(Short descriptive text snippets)

=== Begin Enclosure ===

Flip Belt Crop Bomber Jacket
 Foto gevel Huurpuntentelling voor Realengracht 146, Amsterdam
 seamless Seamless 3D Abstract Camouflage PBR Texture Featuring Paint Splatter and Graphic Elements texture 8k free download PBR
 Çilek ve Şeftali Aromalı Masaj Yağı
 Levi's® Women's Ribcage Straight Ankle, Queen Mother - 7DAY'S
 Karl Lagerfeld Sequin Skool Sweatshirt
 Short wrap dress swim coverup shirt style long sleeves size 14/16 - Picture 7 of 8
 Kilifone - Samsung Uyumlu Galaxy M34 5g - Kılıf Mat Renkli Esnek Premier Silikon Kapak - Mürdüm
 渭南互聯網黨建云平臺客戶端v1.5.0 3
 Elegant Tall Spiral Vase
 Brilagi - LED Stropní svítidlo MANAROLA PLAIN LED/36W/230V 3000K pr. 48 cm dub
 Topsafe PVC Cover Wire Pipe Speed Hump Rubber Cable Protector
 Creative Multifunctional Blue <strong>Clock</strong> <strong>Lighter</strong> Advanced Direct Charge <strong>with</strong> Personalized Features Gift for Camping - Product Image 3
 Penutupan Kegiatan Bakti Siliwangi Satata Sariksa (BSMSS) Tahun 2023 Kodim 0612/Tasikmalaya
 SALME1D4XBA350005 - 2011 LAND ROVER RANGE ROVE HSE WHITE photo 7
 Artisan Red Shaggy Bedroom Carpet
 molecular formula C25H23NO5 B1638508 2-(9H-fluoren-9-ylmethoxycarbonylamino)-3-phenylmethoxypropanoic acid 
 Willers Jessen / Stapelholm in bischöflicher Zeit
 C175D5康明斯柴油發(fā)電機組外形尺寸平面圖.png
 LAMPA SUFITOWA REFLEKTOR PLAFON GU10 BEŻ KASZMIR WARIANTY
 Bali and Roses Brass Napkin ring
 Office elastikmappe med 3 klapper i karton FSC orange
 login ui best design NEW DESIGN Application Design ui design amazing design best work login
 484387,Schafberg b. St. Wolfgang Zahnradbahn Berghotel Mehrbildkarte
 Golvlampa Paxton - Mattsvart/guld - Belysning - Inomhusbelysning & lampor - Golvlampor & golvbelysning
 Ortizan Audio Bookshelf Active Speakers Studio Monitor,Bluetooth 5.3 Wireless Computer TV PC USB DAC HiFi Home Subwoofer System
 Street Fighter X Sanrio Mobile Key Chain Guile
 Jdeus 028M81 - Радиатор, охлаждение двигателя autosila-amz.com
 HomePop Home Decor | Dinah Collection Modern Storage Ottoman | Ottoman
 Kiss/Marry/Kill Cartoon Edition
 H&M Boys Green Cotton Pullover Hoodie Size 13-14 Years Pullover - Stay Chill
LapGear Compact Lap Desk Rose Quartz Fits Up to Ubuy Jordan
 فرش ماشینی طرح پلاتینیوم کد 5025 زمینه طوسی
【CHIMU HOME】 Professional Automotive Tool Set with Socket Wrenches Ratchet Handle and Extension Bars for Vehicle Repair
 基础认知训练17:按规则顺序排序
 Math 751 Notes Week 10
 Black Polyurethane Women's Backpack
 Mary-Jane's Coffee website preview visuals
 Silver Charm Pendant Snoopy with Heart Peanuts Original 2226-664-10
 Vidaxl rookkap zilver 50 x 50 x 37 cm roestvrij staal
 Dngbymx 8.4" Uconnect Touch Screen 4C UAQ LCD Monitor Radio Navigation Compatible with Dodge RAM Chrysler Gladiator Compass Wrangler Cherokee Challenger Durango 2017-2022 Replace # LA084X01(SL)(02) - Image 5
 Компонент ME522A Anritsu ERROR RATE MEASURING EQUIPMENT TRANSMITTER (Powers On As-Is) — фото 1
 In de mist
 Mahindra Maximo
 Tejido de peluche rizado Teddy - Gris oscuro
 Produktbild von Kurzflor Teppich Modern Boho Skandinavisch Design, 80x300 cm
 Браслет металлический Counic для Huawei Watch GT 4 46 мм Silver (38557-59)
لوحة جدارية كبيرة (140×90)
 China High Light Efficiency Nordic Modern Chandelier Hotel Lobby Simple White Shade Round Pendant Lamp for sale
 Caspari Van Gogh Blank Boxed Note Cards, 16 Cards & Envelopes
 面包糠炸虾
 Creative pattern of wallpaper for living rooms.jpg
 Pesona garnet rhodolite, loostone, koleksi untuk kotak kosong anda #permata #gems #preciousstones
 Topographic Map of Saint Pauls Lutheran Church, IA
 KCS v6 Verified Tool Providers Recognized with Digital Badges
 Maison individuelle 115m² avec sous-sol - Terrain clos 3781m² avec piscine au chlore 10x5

=== End Enclosure ===

> _Action item_
A line belongs in the answer if it contains the word "Design"; copy every such line from the data above.

> _Task output_
 login ui best design NEW DESIGN Application Design ui design amazing design best work login
 Produktbild von Kurzflor Teppich Modern Boho Skandinavisch Design, 80x300 cm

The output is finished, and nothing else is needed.